We from so many different backgrounds, having taken so many different paths to get here where now we stand (and sit!) together, with such different perspectives and life experience(s) accumulated along the way, can on our best days feed each other with novel experimentation and open-minded efforts at working with and for each other. On our worst, we’re 56 iso-booths of misery facing the same direction but traveling a la carte, mutually self-obsessed, unaware of the potential energy inherent in our collective presence. When it’s dark, all it takes is a look, a smile, a nod, a wink, a readjustment of posture or a crane of the neck, to bring a little bright to the table, to the stage.
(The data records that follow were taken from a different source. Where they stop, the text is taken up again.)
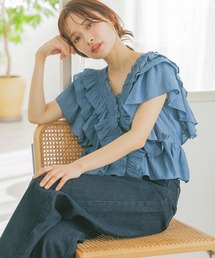 mysty woman | フリル2WAYブラウス   329026(シャツ/ブラウス)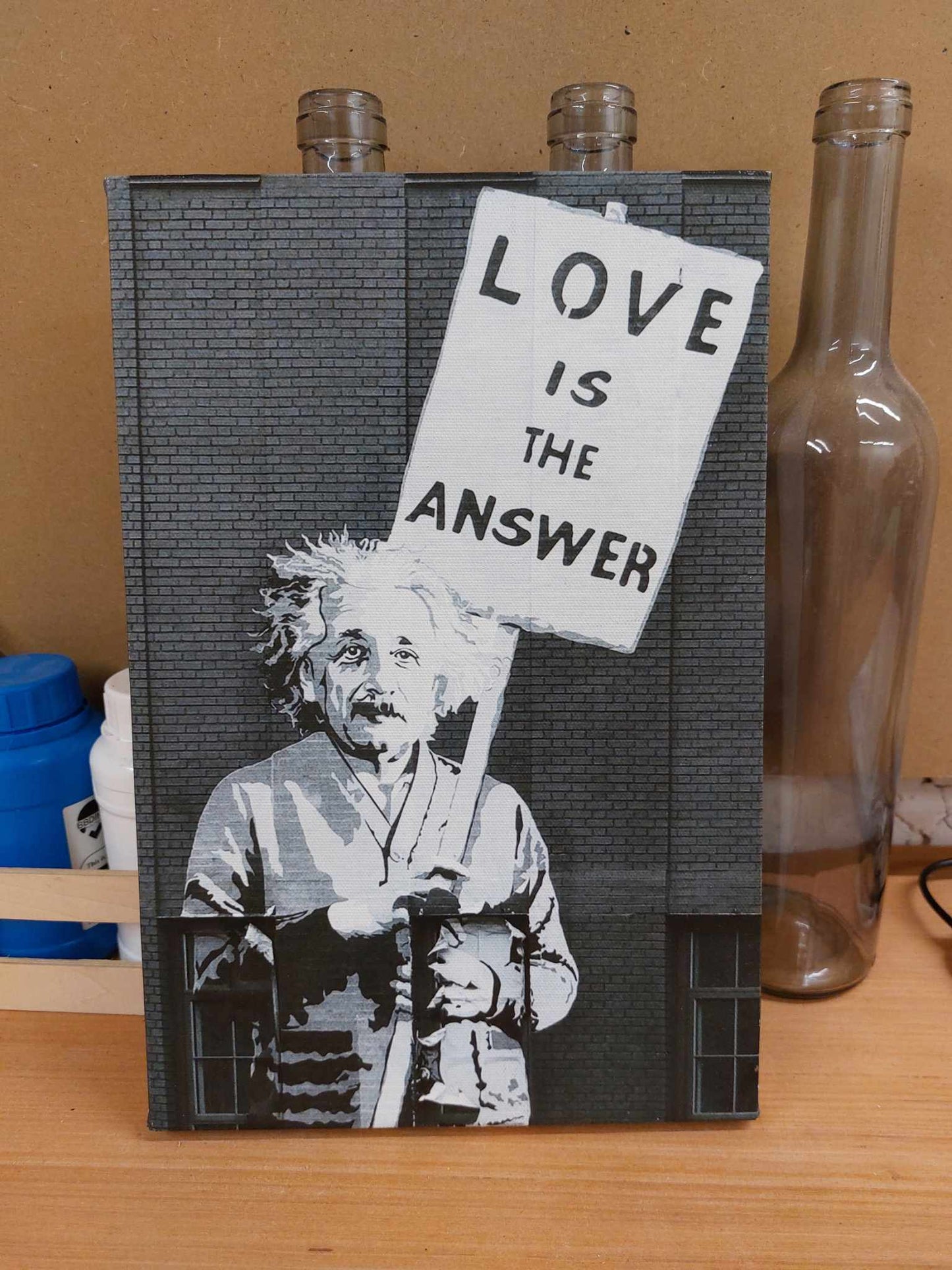 12ich by 8inch Canvas Print of Banksy Love Is The Answer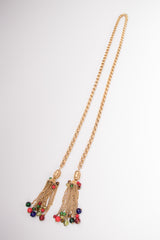 Vintage Triple Link Chain Glass Bead Tassel Wrap Necklace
Remember this! He says with an eyebrow. Come with me! She says with the tilt of her head.

And then it works.

When we’re in it together, we’re a team of teams, a complicated, flexible machinery crafting, shaping, hesitating, driving. My life in a string quartet was formative. I learned to listen, I listened to learn. We talked, we argued, we posited, we supposed. We argued some more, and we convinced, and we rejected. We played our hearts out, and we demanded that of each other. It was all on us, at a microscopic level - no conductor to blame, or to rely on. No section to hide within, or to commiserate with when that one lick just wouldn’t stick.

As a sub in an orchestra, you’re desperate to make a good showing, to fit in, to not fuck it up. As a new hire, pretty much the same, except you have in your recent memory the experience of playing a good audition, good enough that at least a dozen or so of your new colleagues liked you enough to say ‘join us!’ As the tenure review deadline approaches, self-doubt however unreasonable threatens to overwhelm everything. When the affirmative announcement’s made, you’re thrilled it’s finally settled, feigning eternal confidence in the “inevitable” outcome as you receive the warm congratulations.

And then the real work begins. And that’s where I’m at now. So we’re here now, it’s forever. Now that they’re committed to me, what am I committing to them? What can I contribute, daily, monthly, seasonally, to keep making it all better than before, and to keep my spirit thriving?